Microsoft has provided a very mixed message about .NET and Vista. At first, when they released the technical preview of Longhorn at the 2003 PDC Microsoft announced that it used .NET, and indeed it did. Everyone in the .NET world was optimistic about Longhorn. For example, Chris Sells, who is in charge of Longhorn content on Microsoft's MSDN web site (and someone who has my utmost respect), said the following in 2003:

Based On the .NET Framework

First and foremost, while Windows Server 2003 embraced managed code by being the first operating system to ship with the .NET Framework preinstalled, Longhorn is the first operating system whose major new features are actually based on the .NET Framework.

John Montgomery, Director of Product Management said the following in 2003:

Put another way, at PDC 2000, Microsoft debuted the .NET Framework, which introduced a new managed programming model on top of our existing Windows operating systems. With Longhorn and WinFX, we're keeping that managed programming model while building new core parts of the OS, such as moving to the Avalon subsystem next to GDI and User.

Michael Wallent, general manager of the Avalon team said in 2003 (on the .NET Show):

One of the most important things when you think about Longhorn is, it's not just another operating system release like Windows XP or Windows 2000. We think about it more like a wave, and the wave is really made up of more than just any one particular thing. Think about the wave being built upon a foundation of a new platform investment that we've made across the board, built on top of the .NET foundation. And then with Longhorn there'll be client releases and a server release.
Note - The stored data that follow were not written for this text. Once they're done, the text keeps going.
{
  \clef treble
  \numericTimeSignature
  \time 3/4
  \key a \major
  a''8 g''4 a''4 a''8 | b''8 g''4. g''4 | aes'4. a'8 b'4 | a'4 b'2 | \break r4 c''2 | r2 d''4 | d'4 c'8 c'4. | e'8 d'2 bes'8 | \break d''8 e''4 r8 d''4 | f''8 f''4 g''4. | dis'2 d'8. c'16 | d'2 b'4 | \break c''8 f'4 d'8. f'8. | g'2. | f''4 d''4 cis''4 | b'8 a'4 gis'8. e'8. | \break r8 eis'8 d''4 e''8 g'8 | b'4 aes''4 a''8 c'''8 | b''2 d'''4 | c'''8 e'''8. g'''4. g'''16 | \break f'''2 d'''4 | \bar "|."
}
All of these statements say the same thing: the new features of Longhorn will be managed code and available through the WinFX API (which was formerly called the Longhorn API, and now is confusingly called .NET 3.0). The overall theme of the 2003 PDC was that to get the full benefits of Longhorn you had to write managed code.
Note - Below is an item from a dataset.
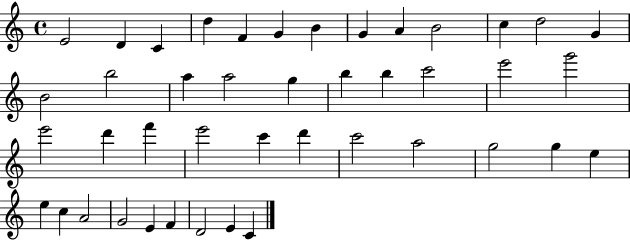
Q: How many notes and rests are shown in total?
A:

So many things have changed since then. First, the WinFX components were renamed the Windows Presentation Foundation (WPF) and Windows Communications Foundation (WCF) and the storage layer, WinFS was dropped (first it was postponed to another release of Windows, then it was cancelled). Then in a bizarre act Microsoft took the aggregate of .NET 2.0, WCF and WPF and renamed it .NET 3.0. Bizarre!

The technical preview of Longhorn (released at the 2003 PDC) used Avalon for its user interface and WinFS to access files under Documents and Settings. The code was effectively based on the codebase of XPSP1. After the PDC Microsoft started again on Longhorn. This time they used the codebase of Windows Server 2003 SP1. They also removed WinFS from the operating system, and from the API, WinFX. Although Avalon and Indigo were part of WinFX none of the applications supplied with Longhorn used them. Finally, Microsoft gave the operating system a name: Vista.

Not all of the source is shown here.